**EXERCISE PROMPT**
Each line of the records below needs repeating exactly. Skip the pictures.

════════════════

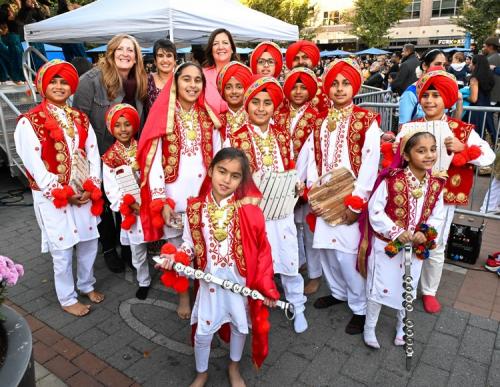 Carmel Diwali 2024-4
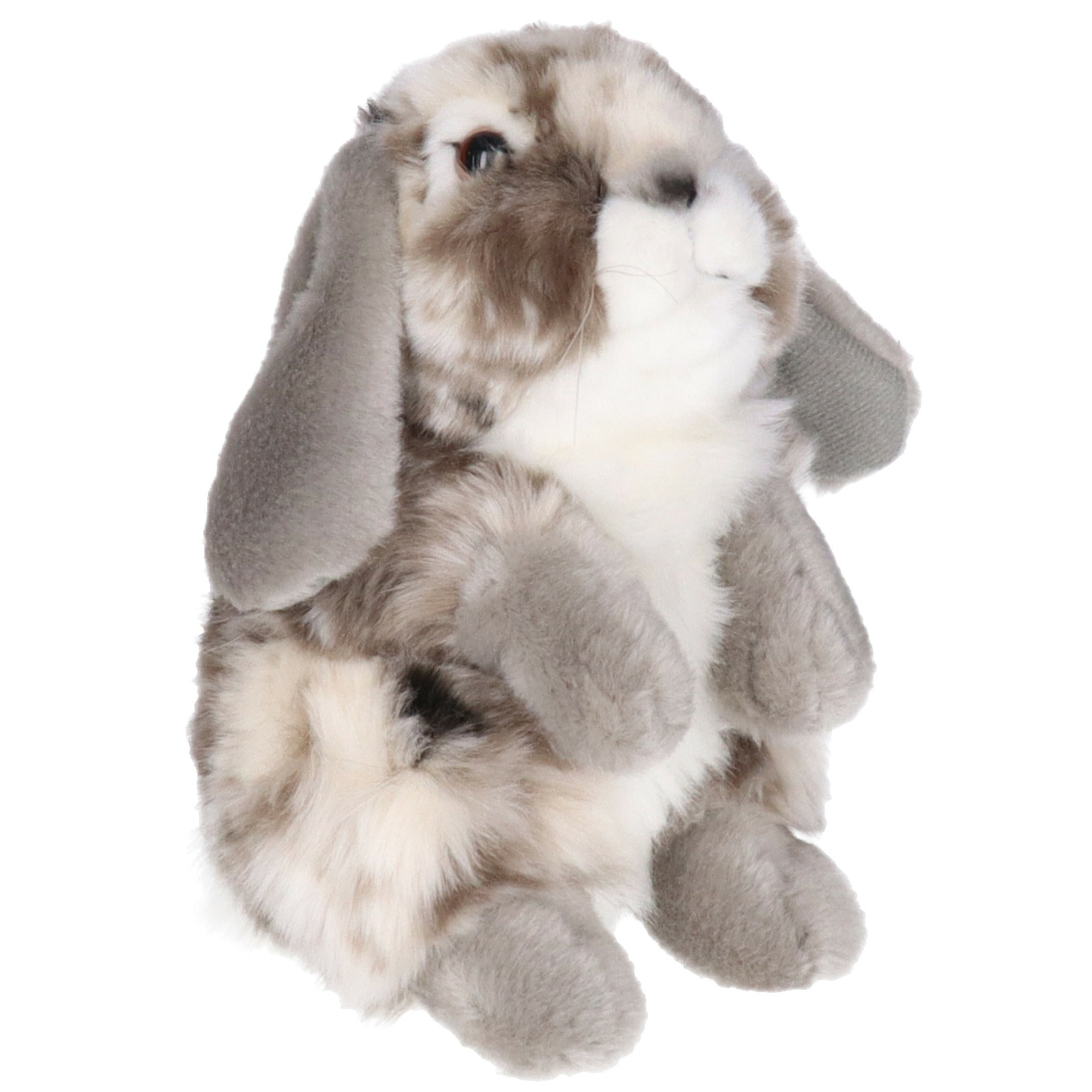 living-nature-konijn-knuffel-grijs-pluche-19-cm-hangoor-konijn-speelgoed_10183978-8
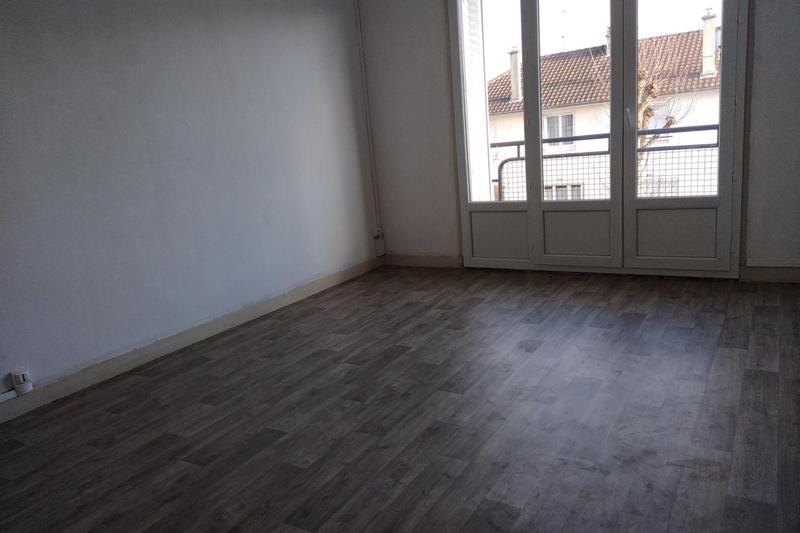 Appartement - 54 m² - 3 pièces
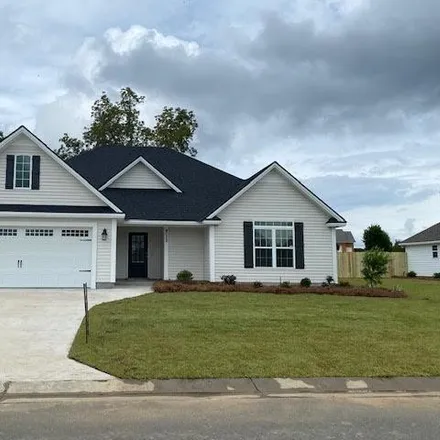 Buy this 4 bed house on Bethany Drive in Lowndes County, GA 31632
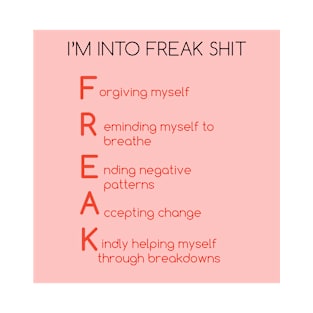 FREAK T-Shirt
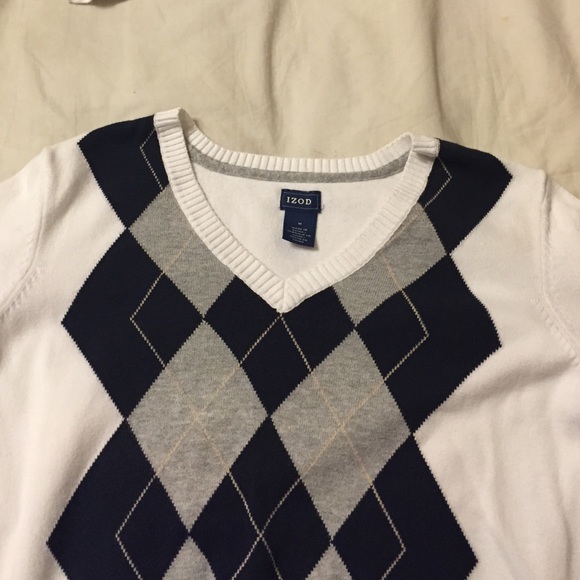 IZOD sweater - Picture 2 of 3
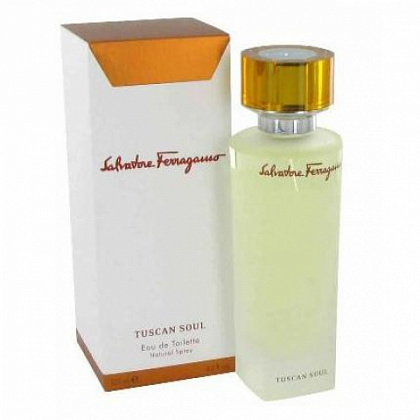 Salvatore Ferragamo Tuscan Soul 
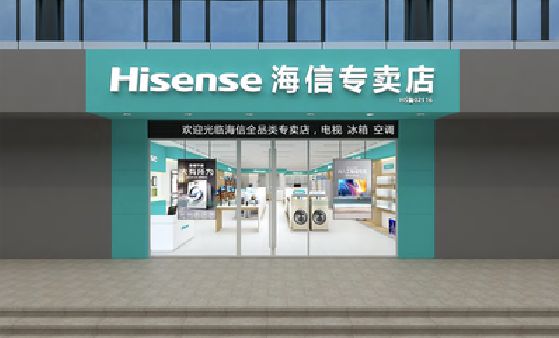 墨江如何加强专卖店门头设计品质？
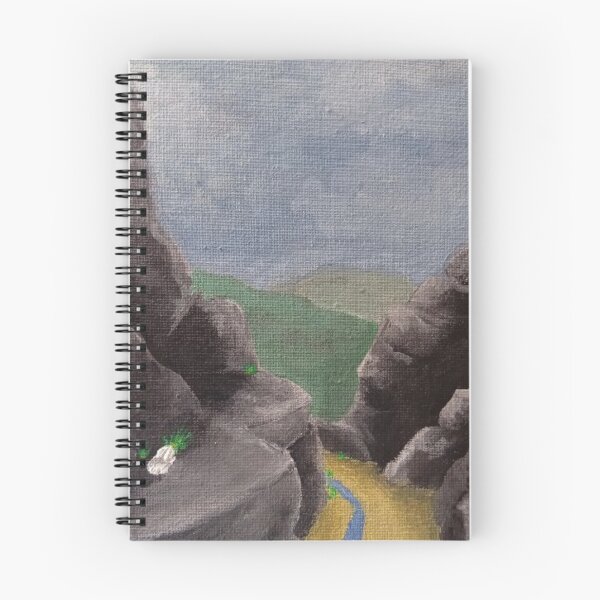 Item preview, Great valley with Rabbit designed and sold by funinon0.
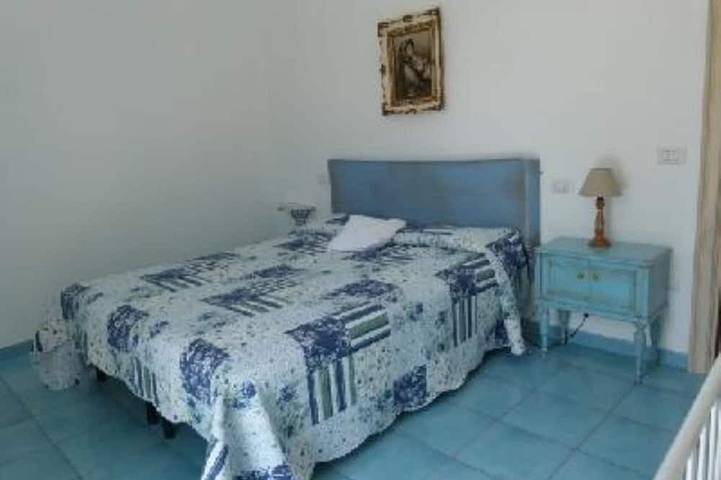 Entire apartment, Cielo apartment in an old farmhouse in Rodi, Gargano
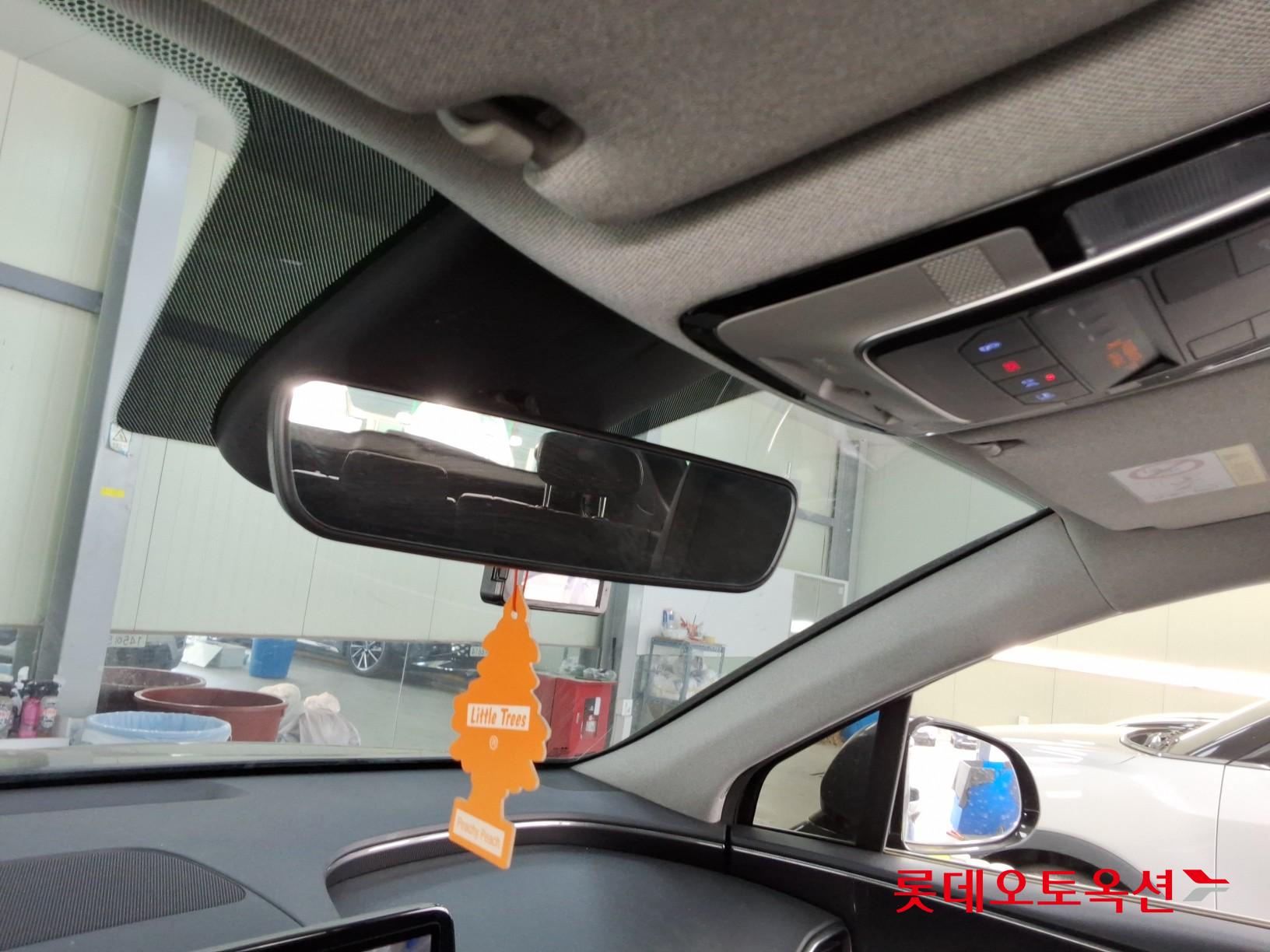 هيونداي سانتافي 2021 - صورة 33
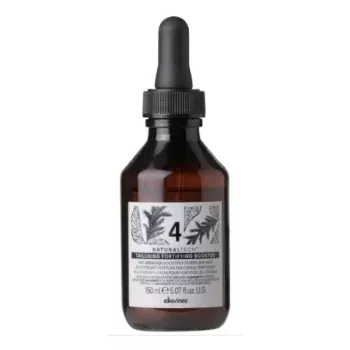 Бустер Укрепление Tailoring Davines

════════════════

**EXERCISE RESPONSE**
 Carmel Diwali 2024-4
 living-nature-konijn-knuffel-grijs-pluche-19-cm-hangoor-konijn-speelgoed_10183978-8
 Appartement - 54 m² - 3 pièces
 Buy this 4 bed house on Bethany Drive in Lowndes County, GA 31632
 FREAK T-Shirt
 IZOD sweater - Picture 2 of 3
 Salvatore Ferragamo Tuscan Soul 
 墨江如何加强专卖店门头设计品质？
 Item preview, Great valley with Rabbit designed and sold by funinon0.
 Entire apartment, Cielo apartment in an old farmhouse in Rodi, Gargano
 هيونداي سانتافي 2021 - صورة 33
 Бустер Укрепление Tailoring Davines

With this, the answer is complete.